I explored this topic in Coliru with the following input command:

g++ -std=c++14 -O2 -Wall -pedantic -pthread main.cpp && ./a.out

The test can be found here, but I have posted the code below. I used int in my example, as it's a basic type.

---

#include <iostream>
#include <memory>

struct Foo{
    Foo() :
    a_{0}, b_{1}, c_{-1}, combination_{0.5} {}

    int
        a_,
        b_,
        c_;
    double
        combination_;
};

int main()
{
    //int
    //    *unManagedArray = new int[16];
    std::unique_ptr<int[]>
        uniqueArrayOrigin = std::make_unique<int[]>(16);
    std::shared_ptr<int>
            // works but needs call to new
    //  sharedSingleTest{unManagedArray, std::default_delete<int[]>{}}; 
            // works, does not require call to new
        sharedSingleUnique = std::make_unique<int[]>(16);       
            // compilation error (conversion to non-scalar type)
    //  sharedSingleDerived = uniqueArrayOrigin;                

    //  std::shared_ptr<int[]>
                // compilation errors
    //      sharedArrayTest{unManagedArray, std::default_delete<int[]>{}};
                // compilation error (conversion to non-scalar type)
    //      sharedArrayUnique = std::make_unique<int[]>(16);
                // compilation error (conversion to non-scalar type)
    //      sharedArrayDerived = uniqueArrayOrigin;

    std::shared_ptr<Foo>
            // works: specified overload of operator= for shared_ptr
        nonArrayTest = std::make_unique<Foo>(); 

    std::cout << "done!\n";
}

---

I have looked around on SO for answers, but only turned up references to the implementation of std::shared_ptr not having a specialization, and that this largely was because no one bothered to give a proper proposal to the standards committee on the subject.

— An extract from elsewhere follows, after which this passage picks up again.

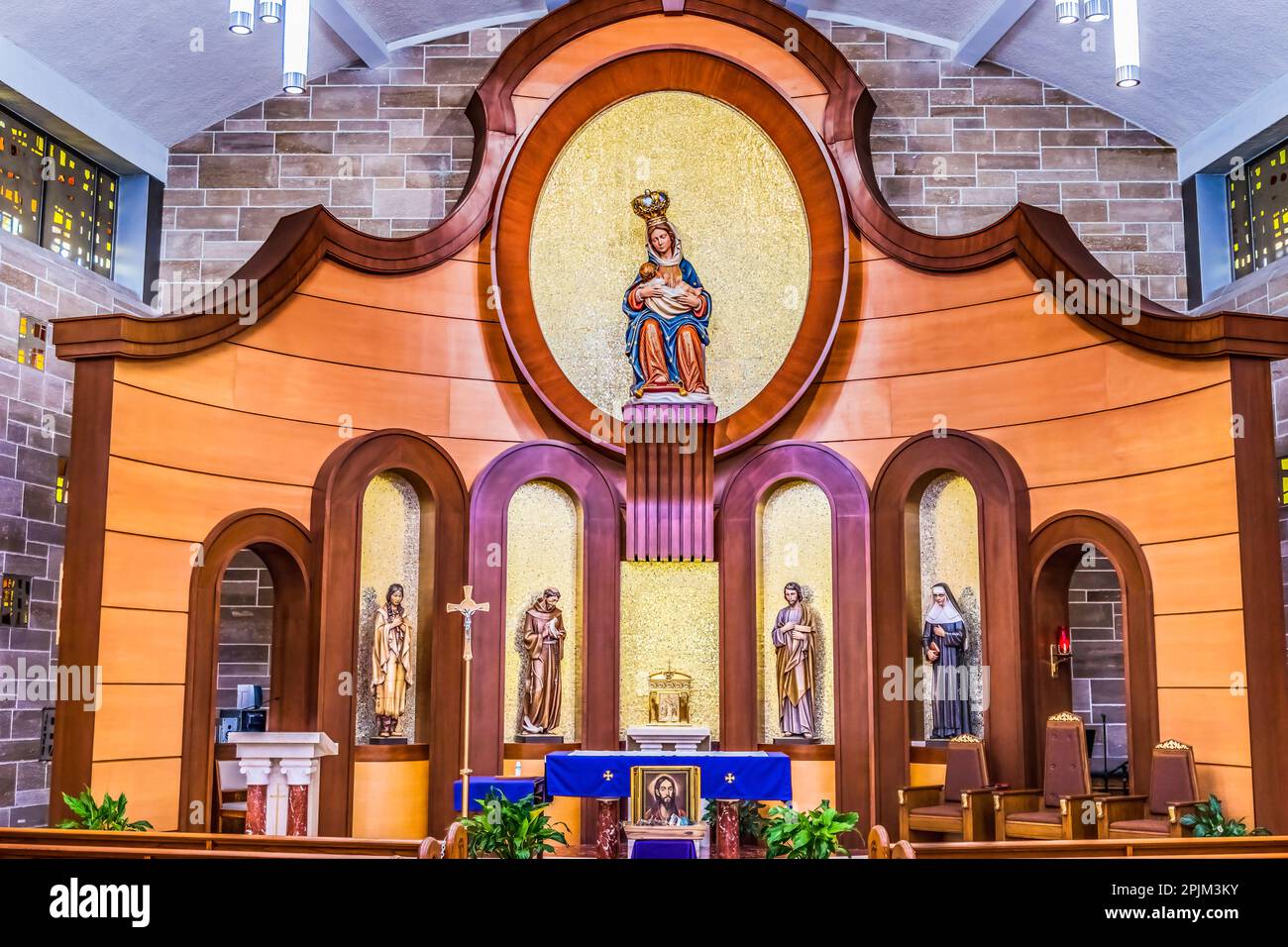Altar in Saint Augustine, Florida. Mission gegründet 1565, Statue von Maria, die Jesus stillt Stockfoto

I am curious, because I would interpret 4th overload of operator=, std::shared_ptr<T[]>.operator=(std::unique_ptr<T[], Deleter>&&) on cppreference to indicate that such syntax is legal-- T[] and T[] are the same type regardless of the state of specializations for array types for std::shared_ptr, after all.

Furthermore, this syntax only appears to work on the product of std::make_unique<T[]>, and not a unique pointer object, which goes against my understanding of the topic--shouldn't the calls be effectively the same, though one moves an existing object, and the other, well, moves an object that's just been created? I would expect the only difference between them would be the invalid std::unique_ptr<T[]> after the function call in the first case.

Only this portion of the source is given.